Fortunately, there is a template for this from which we can learn. While COVID-19 may be a very different disease from influenza, it does resemble flu in one respect: its rapid evolution into a global “soup” of different genetic strains.
First, we can take a leaf out of the annual flu categorization playbook, under which differing flu strains in circulation are sifted and prioritized for inclusion in vaccines by the WHO. For influenza, techniques of so-called “antigenic cartography” have been developed that allow one to quantify and visualize fine-grain phenotypic differences as the virus evolves over time (Smith et al., Science 305, 371-376, 2004). Antigenic cartography is now routinely used to analyze the global data from the World Health Organization influenza surveillance network as part of the influenza vaccine strain selection process.

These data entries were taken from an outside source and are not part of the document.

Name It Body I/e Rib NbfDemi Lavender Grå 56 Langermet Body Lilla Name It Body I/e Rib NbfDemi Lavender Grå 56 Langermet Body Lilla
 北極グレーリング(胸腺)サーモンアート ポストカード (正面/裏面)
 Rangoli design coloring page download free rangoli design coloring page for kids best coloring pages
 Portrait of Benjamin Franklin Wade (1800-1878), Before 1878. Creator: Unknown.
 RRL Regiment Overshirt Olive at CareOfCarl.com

The global health community may be able to develop analogous techniques for tracking the evolution of SARS-CoV-2 that allow us to identify the factors that predict SARS-CoV-2 mutations and the likely dominating strains.
Second, there is also valuable experience to be gleaned from the US CDC’s Influenza Risk Assessment Tool (IRAT) and the closely related WHO’s Tool for Influenza Pandemic Risk Assessment (TIPRA), which assess emerging avian flu strains to estimate whether they present serious human threats.
These tools show how it is possible to get ahead of the curve by providing a structured way to assess new viruses against established criteria. A similar early warning tool for COVID-19 could allow researchers to focus their preclinical and early clinical studies against priority mutations as they emerge, and perhaps even build stockpiles on a precautionary basis to head off threats from new variants.
Scientifically speaking, we are living through a critical moment of the pandemic’s history, as data unfolds on the geographical spread and circulation of these priority variants and their effects on transmissibility and symptom severity.
Today’s coronavirus vaccines are remarkable both for the speed at which they were developed and for their efficacy. But that does not make them perfect or ensure that they will not need to be updated or even replaced over time.
In the face of the potential dangers posed by virus variants, the case for continuing R&D efforts has never been stronger.